:: Problem description ::
In the data below, the answer is the run of lines from the line containing "書体をデザインしている写真" through the line containing "Cypress Crest Apartments — Photo 32", both included; print it exactly and nothing else.

:: Material provided ::
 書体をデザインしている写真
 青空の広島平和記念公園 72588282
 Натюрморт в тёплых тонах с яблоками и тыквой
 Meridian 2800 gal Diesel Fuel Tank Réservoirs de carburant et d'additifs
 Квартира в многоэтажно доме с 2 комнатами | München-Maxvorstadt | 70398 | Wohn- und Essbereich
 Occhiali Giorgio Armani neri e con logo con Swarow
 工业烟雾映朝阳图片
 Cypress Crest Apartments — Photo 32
--
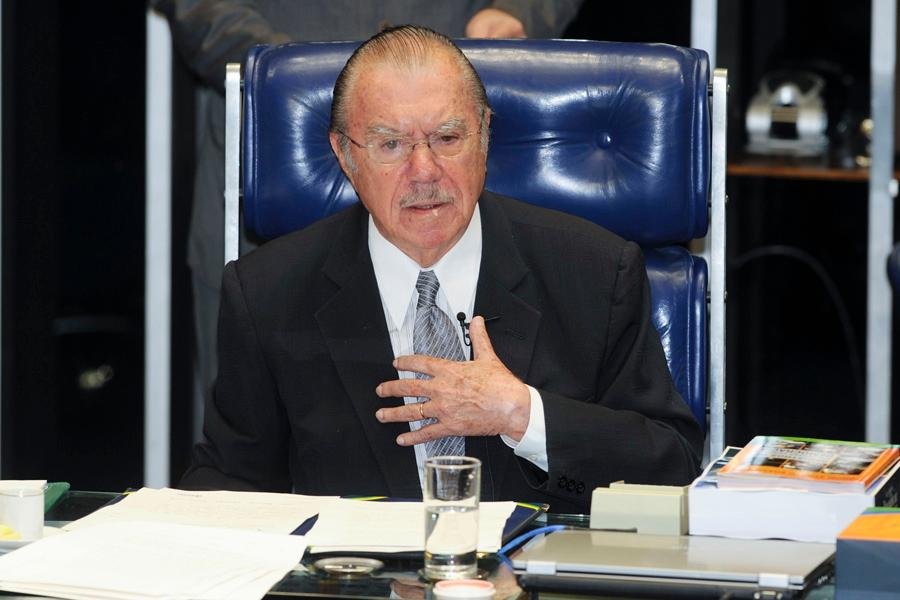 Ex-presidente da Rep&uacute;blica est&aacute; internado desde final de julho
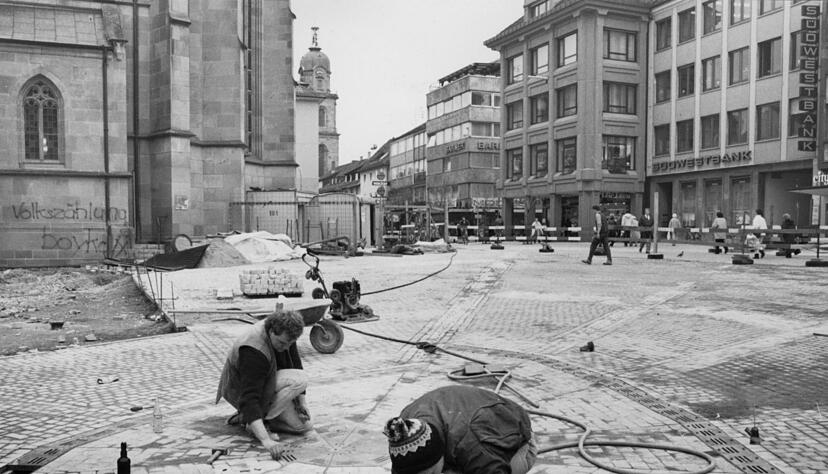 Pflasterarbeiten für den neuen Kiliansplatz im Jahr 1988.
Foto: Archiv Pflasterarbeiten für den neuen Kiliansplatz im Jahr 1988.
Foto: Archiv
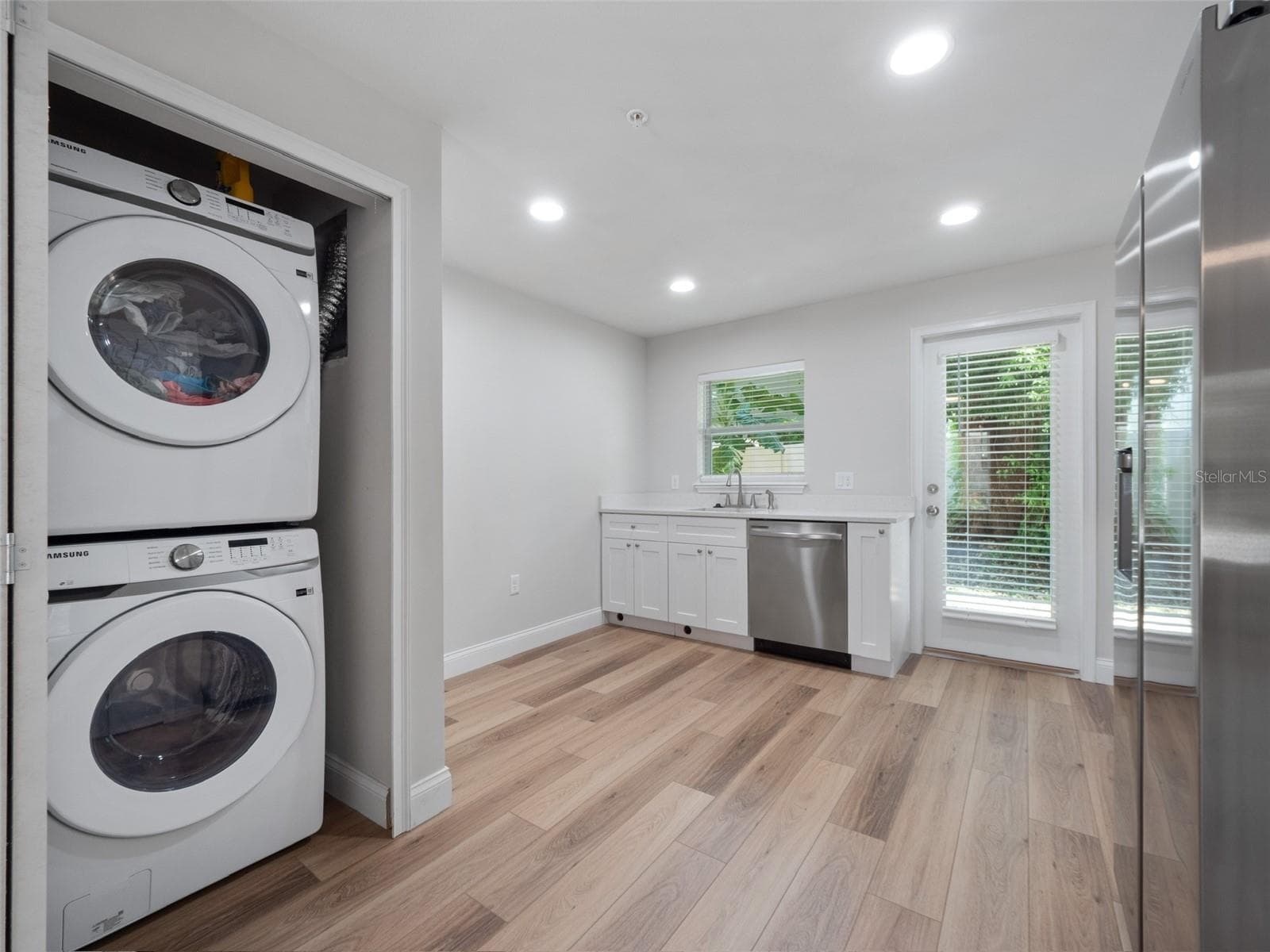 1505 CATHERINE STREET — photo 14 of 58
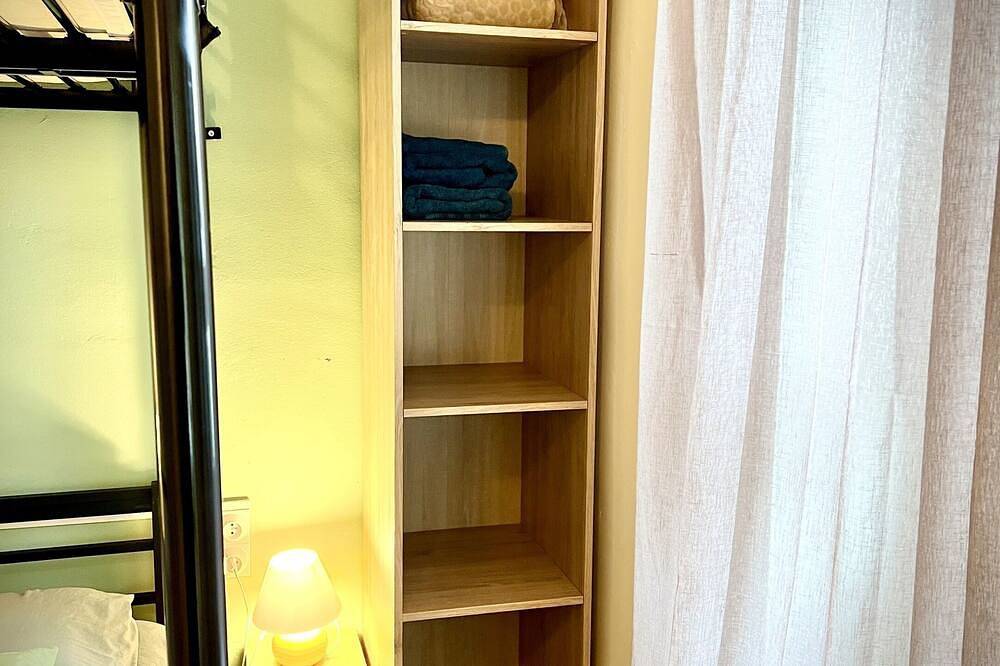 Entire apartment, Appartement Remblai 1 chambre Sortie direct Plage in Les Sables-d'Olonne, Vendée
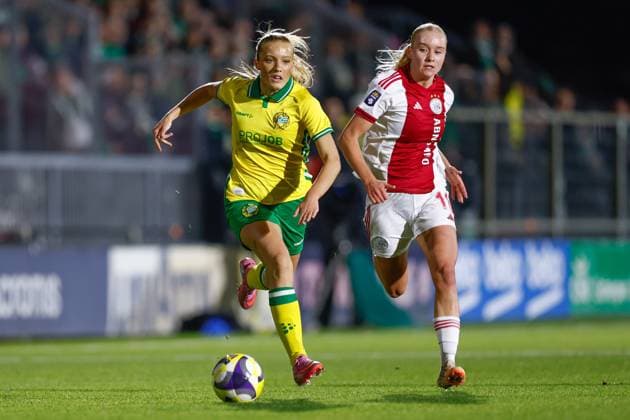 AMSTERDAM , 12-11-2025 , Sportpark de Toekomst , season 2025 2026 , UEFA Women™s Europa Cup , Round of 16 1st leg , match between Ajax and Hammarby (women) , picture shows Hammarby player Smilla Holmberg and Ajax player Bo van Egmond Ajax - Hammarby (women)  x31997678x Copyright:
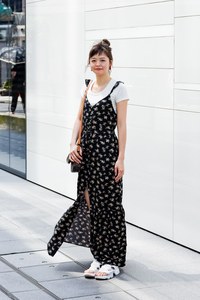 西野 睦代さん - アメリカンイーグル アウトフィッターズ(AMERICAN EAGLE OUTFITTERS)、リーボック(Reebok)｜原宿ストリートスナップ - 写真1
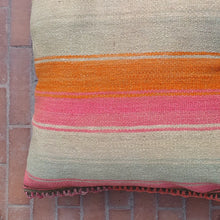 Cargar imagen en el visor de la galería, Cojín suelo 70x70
* * *
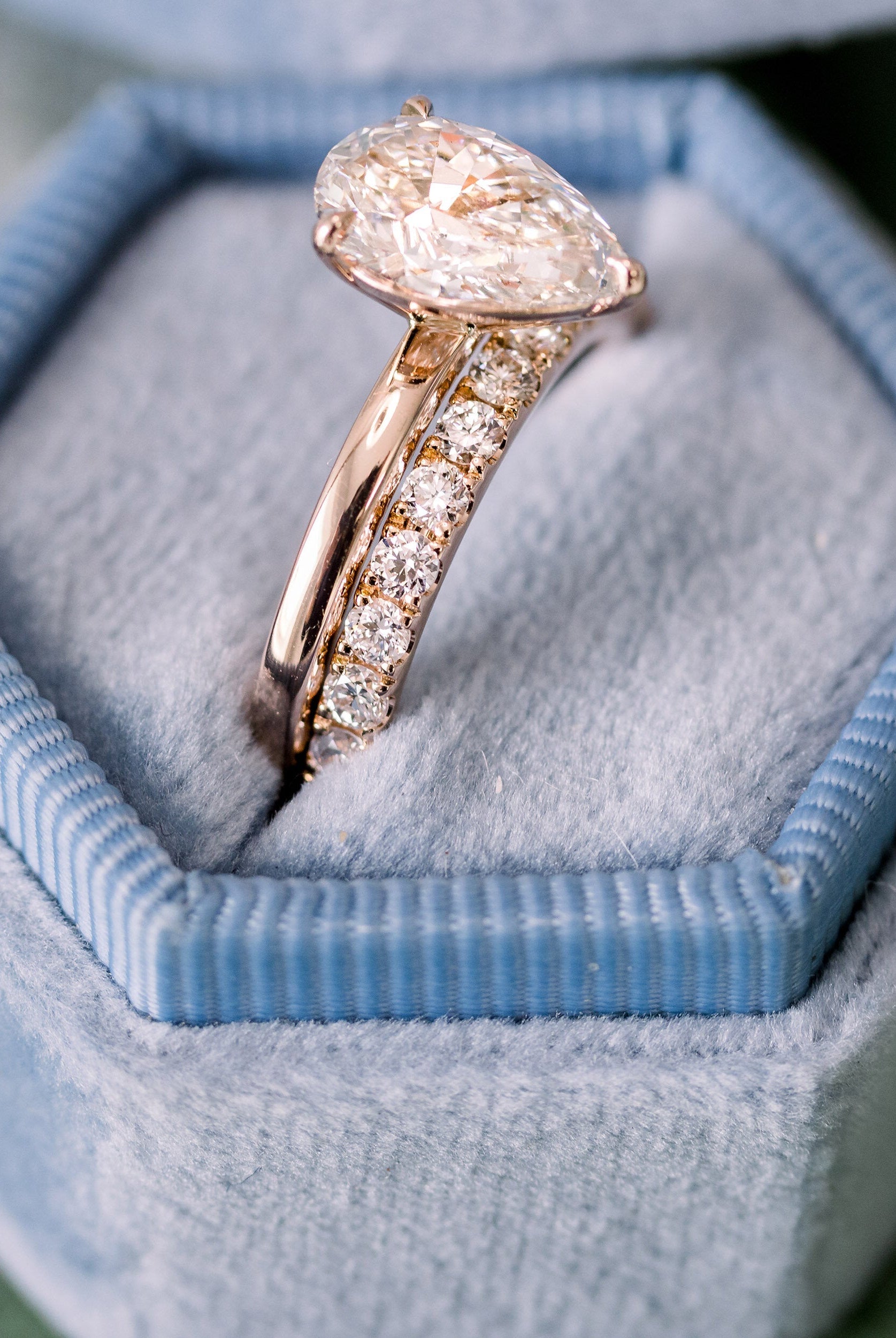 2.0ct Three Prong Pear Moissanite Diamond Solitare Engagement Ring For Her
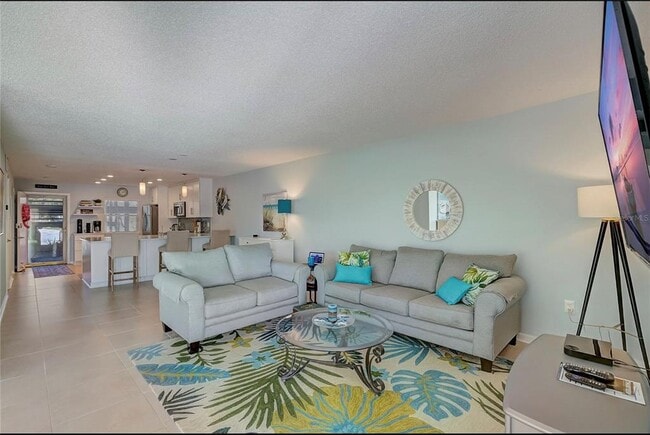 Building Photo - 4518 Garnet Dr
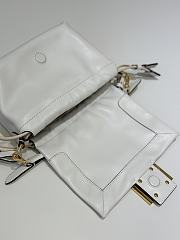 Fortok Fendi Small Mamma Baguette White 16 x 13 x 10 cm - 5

:: Task response ::
 書体をデザインしている写真
 青空の広島平和記念公園 72588282
 Натюрморт в тёплых тонах с яблоками и тыквой
 Meridian 2800 gal Diesel Fuel Tank Réservoirs de carburant et d'additifs
 Квартира в многоэтажно доме с 2 комнатами | München-Maxvorstadt | 70398 | Wohn- und Essbereich
 Occhiali Giorgio Armani neri e con logo con Swarow
 工业烟雾映朝阳图片
 Cypress Crest Apartments — Photo 32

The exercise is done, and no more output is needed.